This introduction to the collection of articles published in MIA to mark 50 years of The Australian offers a critical assessment of the literature on The Australian. It covers the miracle of the paper’s conception, its struggle to survive amid widespread doubts that it could, and the conditions that enabled it to flourish at various times. It discusses the paper’s original vision as well as its early reception, some of the market research and the changing profile of its readers. It examines arguments and evidence about The Australian’s coverage of elections, notes the contention over its positions on other issues and lists a large number of studies that have explored various aspects of its journalism. It also situates The Australian in relation to other parts of News Limited and scrutinises claims about the paper’s influence on other publishers and other media. Finally, it offers an outline of the articles in this theme section – four from industry and three from the academy.

The proprietorial model

Mark Day

Mark Day puts the case for the proprietorial model of newspaper publishing, starting with a very simple proposition: that without Rupert Murdoch as an
old-fashioned proprietor, we wouldn’t have had The Australian 50 years ago and we wouldn’t have it today.

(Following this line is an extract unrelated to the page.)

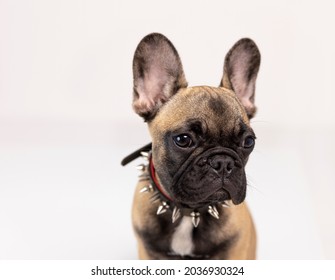 Adorable french bulldog puppy with spiky collar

The paper and the nation: 50 years of The Australian

Paul Kelly

The launch of The Australian in 1964 now appears prescient: it coincided with and contributed to the rise in national political consciousness inaugurated in the 1960s that has continued ever since. Integral to this process has been a far more powerful sense of the nation and a weakening in state consciousness. History suggests that the culture and the technology were ready for a national newspaper. This article examines several critical political events or themes, how The Australian saw them and the extent to which it shaped or failed to shape the nation’s mood. This involves an assessment of how both the nation and the paper changed over half a century.

The Australian in Canberra, 1964–67

Patricia Clarke

This article discusses the impact of The Australian on Canberra from its first issue on 15 July 1964 to the move to Sydney on 18 March 1967. It covers the acquisition of The Territorian; the change of ownership of Federal Capital Press to the Fairfax organisation; the battle with the Canberra Times for dominance in the local market; the impact of the influx of journalists on a previously static news scene; their impact on Press Gallery reporting; and the impact of more penetrating reporting on the public service. These themes are developed against
the background of a city enjoying a burst of development. The article draws on the author’s experience as a journalist with the ABC in the Press Gallery in Canberra in the 1960s, as a contributor to The Australian, as a writer/editor for Maxwell Newton, as a citizen and as honorary secretary for the Canberra Day Celebrations 1964.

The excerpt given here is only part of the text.